PROMPT> The entries below should be written out again exactly as they stand.

MATERIAL SUPPLIED>
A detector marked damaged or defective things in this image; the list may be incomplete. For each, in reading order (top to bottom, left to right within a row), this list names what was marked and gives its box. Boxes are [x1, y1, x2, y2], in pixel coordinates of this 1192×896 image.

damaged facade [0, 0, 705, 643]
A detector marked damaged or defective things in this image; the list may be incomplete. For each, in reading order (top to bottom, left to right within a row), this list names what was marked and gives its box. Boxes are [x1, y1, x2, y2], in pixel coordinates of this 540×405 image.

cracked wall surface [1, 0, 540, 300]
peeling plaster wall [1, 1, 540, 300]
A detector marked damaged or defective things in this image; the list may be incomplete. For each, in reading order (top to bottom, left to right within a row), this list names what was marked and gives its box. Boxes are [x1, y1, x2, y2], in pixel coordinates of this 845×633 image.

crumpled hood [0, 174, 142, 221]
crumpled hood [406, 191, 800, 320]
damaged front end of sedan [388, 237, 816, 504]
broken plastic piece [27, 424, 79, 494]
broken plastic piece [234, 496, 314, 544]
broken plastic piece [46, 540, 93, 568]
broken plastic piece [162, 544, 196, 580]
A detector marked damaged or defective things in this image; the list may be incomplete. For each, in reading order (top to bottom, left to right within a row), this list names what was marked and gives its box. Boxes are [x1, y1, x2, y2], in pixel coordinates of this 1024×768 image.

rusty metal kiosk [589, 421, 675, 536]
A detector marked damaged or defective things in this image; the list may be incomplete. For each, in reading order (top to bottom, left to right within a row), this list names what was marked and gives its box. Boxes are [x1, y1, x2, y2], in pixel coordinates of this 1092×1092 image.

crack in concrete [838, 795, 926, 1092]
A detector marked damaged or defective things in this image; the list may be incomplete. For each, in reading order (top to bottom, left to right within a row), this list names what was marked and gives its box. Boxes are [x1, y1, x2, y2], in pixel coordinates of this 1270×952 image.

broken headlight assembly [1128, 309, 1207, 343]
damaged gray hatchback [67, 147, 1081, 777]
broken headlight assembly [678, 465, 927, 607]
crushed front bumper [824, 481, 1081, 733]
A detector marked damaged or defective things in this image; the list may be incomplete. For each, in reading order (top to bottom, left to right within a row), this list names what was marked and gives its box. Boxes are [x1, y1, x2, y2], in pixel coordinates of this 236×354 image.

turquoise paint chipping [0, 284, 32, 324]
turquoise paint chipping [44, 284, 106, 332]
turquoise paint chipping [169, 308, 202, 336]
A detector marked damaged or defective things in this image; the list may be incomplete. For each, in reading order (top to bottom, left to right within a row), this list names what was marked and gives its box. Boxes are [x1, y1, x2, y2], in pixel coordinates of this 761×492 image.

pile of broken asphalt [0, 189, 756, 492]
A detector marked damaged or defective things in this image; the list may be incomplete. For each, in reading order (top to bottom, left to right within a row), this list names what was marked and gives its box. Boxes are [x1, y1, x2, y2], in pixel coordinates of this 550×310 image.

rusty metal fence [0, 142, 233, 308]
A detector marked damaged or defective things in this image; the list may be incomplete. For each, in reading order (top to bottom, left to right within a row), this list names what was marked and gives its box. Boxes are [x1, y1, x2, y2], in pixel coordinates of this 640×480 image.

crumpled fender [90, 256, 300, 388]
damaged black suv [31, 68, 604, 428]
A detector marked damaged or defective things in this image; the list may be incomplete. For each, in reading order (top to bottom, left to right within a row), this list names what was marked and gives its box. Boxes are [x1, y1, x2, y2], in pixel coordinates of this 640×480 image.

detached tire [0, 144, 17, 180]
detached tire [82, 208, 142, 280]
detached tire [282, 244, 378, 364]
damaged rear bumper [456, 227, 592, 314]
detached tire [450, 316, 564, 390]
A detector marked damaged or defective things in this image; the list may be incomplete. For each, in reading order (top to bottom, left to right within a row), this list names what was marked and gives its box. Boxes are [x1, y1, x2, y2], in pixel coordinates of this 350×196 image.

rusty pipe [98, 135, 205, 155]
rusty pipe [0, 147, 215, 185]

RESPONSE TO THE EXERCISE>
A detector marked damaged or defective things in this image; the list may be incomplete. For each, in reading order (top to bottom, left to right within a row), this list names what was marked and gives its box. Boxes are [x1, y1, x2, y2], in pixel coordinates of this 1192×896 image.

damaged facade [0, 0, 705, 643]
A detector marked damaged or defective things in this image; the list may be incomplete. For each, in reading order (top to bottom, left to right within a row), this list names what was marked and gives its box. Boxes are [x1, y1, x2, y2], in pixel coordinates of this 540×405 image.

cracked wall surface [1, 0, 540, 300]
peeling plaster wall [1, 1, 540, 300]
A detector marked damaged or defective things in this image; the list may be incomplete. For each, in reading order (top to bottom, left to right within a row), this list names what was marked and gives its box. Boxes are [x1, y1, x2, y2], in pixel coordinates of this 845×633 image.

crumpled hood [0, 174, 142, 221]
crumpled hood [406, 191, 800, 320]
damaged front end of sedan [388, 237, 816, 504]
broken plastic piece [27, 424, 79, 494]
broken plastic piece [234, 496, 314, 544]
broken plastic piece [46, 540, 93, 568]
broken plastic piece [162, 544, 196, 580]
A detector marked damaged or defective things in this image; the list may be incomplete. For each, in reading order (top to bottom, left to right within a row), this list names what was marked and gives its box. Boxes are [x1, y1, x2, y2], in pixel coordinates of this 1024×768 image.

rusty metal kiosk [589, 421, 675, 536]
A detector marked damaged or defective things in this image; the list may be incomplete. For each, in reading order (top to bottom, left to right within a row), this list names what was marked and gives its box. Boxes are [x1, y1, x2, y2], in pixel coordinates of this 1092×1092 image.

crack in concrete [838, 795, 926, 1092]
A detector marked damaged or defective things in this image; the list may be incomplete. For each, in reading order (top to bottom, left to right within a row), this list names what was marked and gives its box. Boxes are [x1, y1, x2, y2], in pixel coordinates of this 1270×952 image.

broken headlight assembly [1128, 309, 1207, 343]
damaged gray hatchback [67, 147, 1081, 777]
broken headlight assembly [678, 465, 927, 607]
crushed front bumper [824, 481, 1081, 733]
A detector marked damaged or defective things in this image; the list may be incomplete. For each, in reading order (top to bottom, left to right within a row), this list names what was marked and gives its box. Boxes are [x1, y1, x2, y2], in pixel coordinates of this 236×354 image.

turquoise paint chipping [0, 284, 32, 324]
turquoise paint chipping [44, 284, 106, 332]
turquoise paint chipping [169, 308, 202, 336]
A detector marked damaged or defective things in this image; the list may be incomplete. For each, in reading order (top to bottom, left to right within a row), this list names what was marked and gives its box. Boxes are [x1, y1, x2, y2], in pixel coordinates of this 761×492 image.

pile of broken asphalt [0, 189, 756, 492]
A detector marked damaged or defective things in this image; the list may be incomplete. For each, in reading order (top to bottom, left to right within a row), this list names what was marked and gives its box. Boxes are [x1, y1, x2, y2], in pixel coordinates of this 550×310 image.

rusty metal fence [0, 142, 233, 308]
A detector marked damaged or defective things in this image; the list may be incomplete. For each, in reading order (top to bottom, left to right within a row), this list names what was marked and gives its box. Boxes are [x1, y1, x2, y2], in pixel coordinates of this 640×480 image.

crumpled fender [90, 256, 300, 388]
damaged black suv [31, 68, 604, 428]
A detector marked damaged or defective things in this image; the list may be incomplete. For each, in reading order (top to bottom, left to right within a row), this list names what was marked and gives its box. Boxes are [x1, y1, x2, y2], in pixel coordinates of this 640×480 image.

detached tire [0, 144, 17, 180]
detached tire [82, 208, 142, 280]
detached tire [282, 244, 378, 364]
damaged rear bumper [456, 227, 592, 314]
detached tire [450, 316, 564, 390]
A detector marked damaged or defective things in this image; the list may be incomplete. For each, in reading order (top to bottom, left to right within a row), this list names what was marked and gives its box. Boxes are [x1, y1, x2, y2], in pixel coordinates of this 350×196 image.

rusty pipe [98, 135, 205, 155]
rusty pipe [0, 147, 215, 185]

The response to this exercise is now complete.